• _Assigned task_
Report every line of the records that contains the word "Backrest".

Data provided: Begin

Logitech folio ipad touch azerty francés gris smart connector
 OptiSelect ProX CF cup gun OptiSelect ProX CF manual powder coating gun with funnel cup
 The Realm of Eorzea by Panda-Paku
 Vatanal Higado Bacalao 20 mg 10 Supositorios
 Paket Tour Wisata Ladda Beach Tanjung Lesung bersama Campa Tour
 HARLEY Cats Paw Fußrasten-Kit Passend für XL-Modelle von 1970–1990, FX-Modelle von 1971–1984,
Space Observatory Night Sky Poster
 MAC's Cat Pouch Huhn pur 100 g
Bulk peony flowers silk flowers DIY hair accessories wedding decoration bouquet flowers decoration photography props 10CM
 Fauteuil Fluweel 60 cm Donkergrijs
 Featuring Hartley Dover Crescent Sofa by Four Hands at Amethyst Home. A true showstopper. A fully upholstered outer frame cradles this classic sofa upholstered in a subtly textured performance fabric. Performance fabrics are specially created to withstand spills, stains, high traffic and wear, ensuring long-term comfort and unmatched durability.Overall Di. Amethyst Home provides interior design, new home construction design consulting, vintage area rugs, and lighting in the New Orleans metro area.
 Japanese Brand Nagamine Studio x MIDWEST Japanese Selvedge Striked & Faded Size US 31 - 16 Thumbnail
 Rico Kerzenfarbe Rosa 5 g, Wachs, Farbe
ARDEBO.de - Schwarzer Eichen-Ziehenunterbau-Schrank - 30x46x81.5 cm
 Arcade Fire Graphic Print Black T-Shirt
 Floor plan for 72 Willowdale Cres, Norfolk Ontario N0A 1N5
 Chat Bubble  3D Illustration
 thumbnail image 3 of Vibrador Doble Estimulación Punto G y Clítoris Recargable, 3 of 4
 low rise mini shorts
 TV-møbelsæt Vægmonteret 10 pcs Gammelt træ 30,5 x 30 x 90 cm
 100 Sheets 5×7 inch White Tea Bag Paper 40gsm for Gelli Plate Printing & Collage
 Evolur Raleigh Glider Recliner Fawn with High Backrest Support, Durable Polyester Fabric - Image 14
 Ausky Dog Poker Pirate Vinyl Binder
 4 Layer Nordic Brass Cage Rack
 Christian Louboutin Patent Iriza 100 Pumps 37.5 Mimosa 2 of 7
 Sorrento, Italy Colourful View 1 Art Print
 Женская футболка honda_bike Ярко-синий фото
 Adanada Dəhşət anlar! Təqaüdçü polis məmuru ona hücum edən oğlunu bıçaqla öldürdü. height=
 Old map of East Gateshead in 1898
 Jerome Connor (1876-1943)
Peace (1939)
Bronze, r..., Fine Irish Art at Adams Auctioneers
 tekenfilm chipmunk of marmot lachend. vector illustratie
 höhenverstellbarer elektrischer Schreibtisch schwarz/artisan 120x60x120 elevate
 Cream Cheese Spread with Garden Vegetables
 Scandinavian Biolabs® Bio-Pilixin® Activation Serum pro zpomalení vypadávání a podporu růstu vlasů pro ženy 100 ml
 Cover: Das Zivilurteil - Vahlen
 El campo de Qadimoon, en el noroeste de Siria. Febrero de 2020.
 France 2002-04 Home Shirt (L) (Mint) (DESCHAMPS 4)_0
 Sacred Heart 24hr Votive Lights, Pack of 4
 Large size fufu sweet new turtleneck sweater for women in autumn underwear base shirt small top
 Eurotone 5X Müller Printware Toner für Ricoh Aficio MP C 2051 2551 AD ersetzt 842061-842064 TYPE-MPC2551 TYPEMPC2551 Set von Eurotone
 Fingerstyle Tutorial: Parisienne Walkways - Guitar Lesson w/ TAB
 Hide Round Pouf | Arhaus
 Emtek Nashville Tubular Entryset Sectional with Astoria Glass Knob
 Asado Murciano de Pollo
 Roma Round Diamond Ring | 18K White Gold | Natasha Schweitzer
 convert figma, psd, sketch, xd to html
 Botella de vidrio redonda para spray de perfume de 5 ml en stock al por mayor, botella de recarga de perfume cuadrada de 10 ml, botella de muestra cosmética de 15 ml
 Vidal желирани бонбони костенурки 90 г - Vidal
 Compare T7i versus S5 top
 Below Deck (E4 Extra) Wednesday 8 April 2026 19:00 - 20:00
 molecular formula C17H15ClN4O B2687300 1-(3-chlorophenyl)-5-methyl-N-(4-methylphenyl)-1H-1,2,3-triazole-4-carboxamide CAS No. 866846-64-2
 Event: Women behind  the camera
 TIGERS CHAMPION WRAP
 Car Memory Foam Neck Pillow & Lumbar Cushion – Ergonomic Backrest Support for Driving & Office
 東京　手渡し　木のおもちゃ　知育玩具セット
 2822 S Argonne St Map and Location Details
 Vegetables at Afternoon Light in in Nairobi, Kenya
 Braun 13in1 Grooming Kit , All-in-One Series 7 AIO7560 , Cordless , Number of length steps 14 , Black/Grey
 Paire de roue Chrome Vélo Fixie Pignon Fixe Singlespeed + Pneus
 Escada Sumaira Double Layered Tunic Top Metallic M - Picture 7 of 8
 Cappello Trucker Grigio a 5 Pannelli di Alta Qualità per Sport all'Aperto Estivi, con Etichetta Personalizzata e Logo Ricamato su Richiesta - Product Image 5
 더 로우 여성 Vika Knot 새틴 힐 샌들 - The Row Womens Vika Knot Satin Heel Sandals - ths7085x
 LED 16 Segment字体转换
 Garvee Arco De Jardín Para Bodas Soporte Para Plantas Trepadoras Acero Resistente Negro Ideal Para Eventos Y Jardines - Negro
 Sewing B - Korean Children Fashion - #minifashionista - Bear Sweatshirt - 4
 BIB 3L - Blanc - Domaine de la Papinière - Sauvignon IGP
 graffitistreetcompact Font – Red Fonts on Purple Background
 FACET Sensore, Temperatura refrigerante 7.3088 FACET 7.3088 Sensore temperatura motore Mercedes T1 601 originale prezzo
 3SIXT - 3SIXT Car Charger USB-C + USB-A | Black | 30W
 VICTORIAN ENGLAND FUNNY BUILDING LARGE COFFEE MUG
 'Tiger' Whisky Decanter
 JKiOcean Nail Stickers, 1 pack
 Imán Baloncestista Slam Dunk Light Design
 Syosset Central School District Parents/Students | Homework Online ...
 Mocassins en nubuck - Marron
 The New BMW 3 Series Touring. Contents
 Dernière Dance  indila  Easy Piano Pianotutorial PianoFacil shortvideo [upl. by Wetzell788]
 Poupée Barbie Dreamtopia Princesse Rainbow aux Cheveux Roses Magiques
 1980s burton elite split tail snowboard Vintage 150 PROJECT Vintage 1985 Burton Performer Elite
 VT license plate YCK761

Data provided: End

• _Answer to this task_
 Evolur Raleigh Glider Recliner Fawn with High Backrest Support, Durable Polyester Fabric - Image 14
 Car Memory Foam Neck Pillow & Lumbar Cushion – Ergonomic Backrest Support for Driving & Office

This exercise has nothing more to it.